The records below must be transcribed exactly.

Segment Start: Input data

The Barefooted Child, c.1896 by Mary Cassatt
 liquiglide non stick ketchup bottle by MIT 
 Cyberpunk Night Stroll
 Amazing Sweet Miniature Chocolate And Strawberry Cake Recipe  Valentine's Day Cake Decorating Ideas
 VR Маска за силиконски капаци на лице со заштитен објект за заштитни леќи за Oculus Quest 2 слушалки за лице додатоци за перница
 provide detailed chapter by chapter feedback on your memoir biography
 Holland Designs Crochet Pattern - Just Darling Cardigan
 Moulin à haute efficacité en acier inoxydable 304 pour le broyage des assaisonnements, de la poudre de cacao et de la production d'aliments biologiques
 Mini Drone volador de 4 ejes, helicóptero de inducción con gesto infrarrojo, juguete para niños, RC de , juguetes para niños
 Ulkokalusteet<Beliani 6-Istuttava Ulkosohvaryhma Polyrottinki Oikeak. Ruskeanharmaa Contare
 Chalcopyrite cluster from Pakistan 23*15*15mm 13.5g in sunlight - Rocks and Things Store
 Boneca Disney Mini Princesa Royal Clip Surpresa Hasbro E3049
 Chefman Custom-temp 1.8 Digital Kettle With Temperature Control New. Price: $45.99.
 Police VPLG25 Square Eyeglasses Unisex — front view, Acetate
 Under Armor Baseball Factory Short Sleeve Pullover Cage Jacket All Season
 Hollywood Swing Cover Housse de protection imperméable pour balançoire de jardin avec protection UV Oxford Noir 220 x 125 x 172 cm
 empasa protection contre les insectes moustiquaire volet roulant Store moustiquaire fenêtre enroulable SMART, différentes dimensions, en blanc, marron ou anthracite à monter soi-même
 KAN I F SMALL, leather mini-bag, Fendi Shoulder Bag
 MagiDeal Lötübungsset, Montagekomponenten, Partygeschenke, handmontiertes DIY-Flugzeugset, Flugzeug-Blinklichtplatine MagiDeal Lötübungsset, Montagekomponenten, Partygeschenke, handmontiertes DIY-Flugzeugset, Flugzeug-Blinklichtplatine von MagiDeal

Segment End: Input data

▸ **Response**
The Barefooted Child, c.1896 by Mary Cassatt
 liquiglide non stick ketchup bottle by MIT 
 Cyberpunk Night Stroll
 Amazing Sweet Miniature Chocolate And Strawberry Cake Recipe  Valentine's Day Cake Decorating Ideas
 VR Маска за силиконски капаци на лице со заштитен објект за заштитни леќи за Oculus Quest 2 слушалки за лице додатоци за перница
 provide detailed chapter by chapter feedback on your memoir biography
 Holland Designs Crochet Pattern - Just Darling Cardigan
 Moulin à haute efficacité en acier inoxydable 304 pour le broyage des assaisonnements, de la poudre de cacao et de la production d'aliments biologiques
 Mini Drone volador de 4 ejes, helicóptero de inducción con gesto infrarrojo, juguete para niños, RC de , juguetes para niños
 Ulkokalusteet<Beliani 6-Istuttava Ulkosohvaryhma Polyrottinki Oikeak. Ruskeanharmaa Contare
 Chalcopyrite cluster from Pakistan 23*15*15mm 13.5g in sunlight - Rocks and Things Store
 Boneca Disney Mini Princesa Royal Clip Surpresa Hasbro E3049
 Chefman Custom-temp 1.8 Digital Kettle With Temperature Control New. Price: $45.99.
 Police VPLG25 Square Eyeglasses Unisex — front view, Acetate
 Under Armor Baseball Factory Short Sleeve Pullover Cage Jacket All Season
 Hollywood Swing Cover Housse de protection imperméable pour balançoire de jardin avec protection UV Oxford Noir 220 x 125 x 172 cm
 empasa protection contre les insectes moustiquaire volet roulant Store moustiquaire fenêtre enroulable SMART, différentes dimensions, en blanc, marron ou anthracite à monter soi-même
 KAN I F SMALL, leather mini-bag, Fendi Shoulder Bag
 MagiDeal Lötübungsset, Montagekomponenten, Partygeschenke, handmontiertes DIY-Flugzeugset, Flugzeug-Blinklichtplatine MagiDeal Lötübungsset, Montagekomponenten, Partygeschenke, handmontiertes DIY-Flugzeugset, Flugzeug-Blinklichtplatine von MagiDeal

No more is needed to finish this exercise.